» TASK DIRECTIONS
Write out, from the entries below, exactly the lines that run between the lines holding "GRA BOOM BOOM PAW PATROL" and "Item preview, Jushin", inclusive, and stop there.

» THE RECORDS
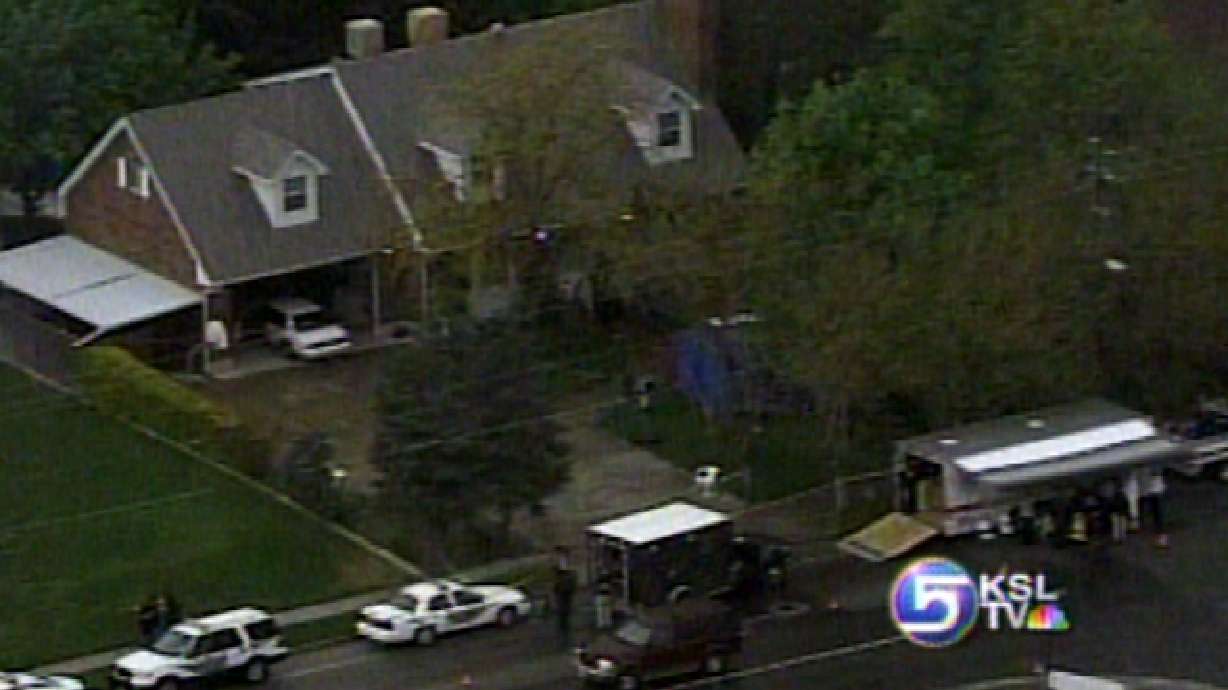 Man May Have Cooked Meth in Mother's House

...

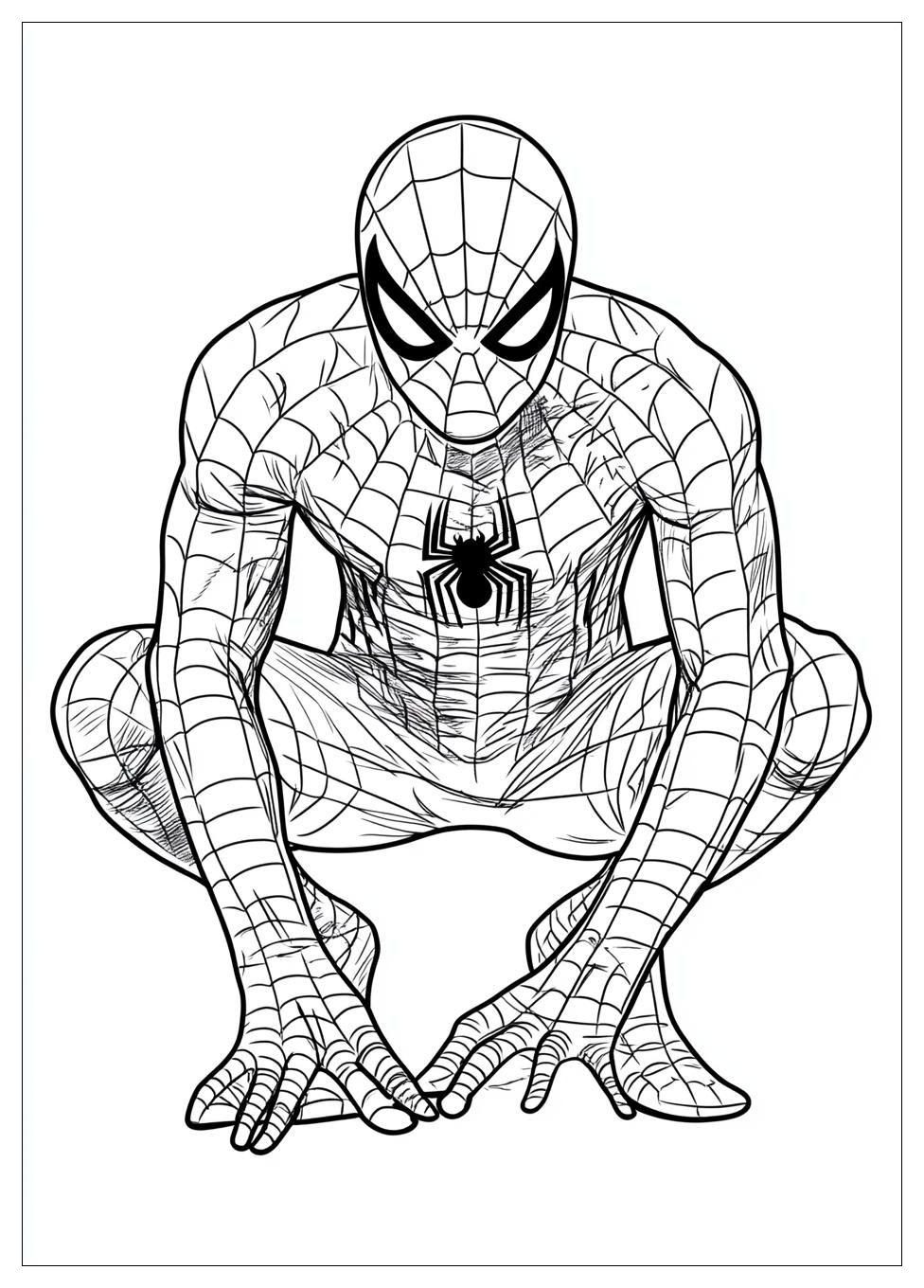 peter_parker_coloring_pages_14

...

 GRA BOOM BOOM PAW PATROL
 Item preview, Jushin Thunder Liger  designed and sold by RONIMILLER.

» ANSWER TO THIS PROBLEM
 GRA BOOM BOOM PAW PATROL
 Item preview, Jushin Thunder Liger  designed and sold by RONIMILLER.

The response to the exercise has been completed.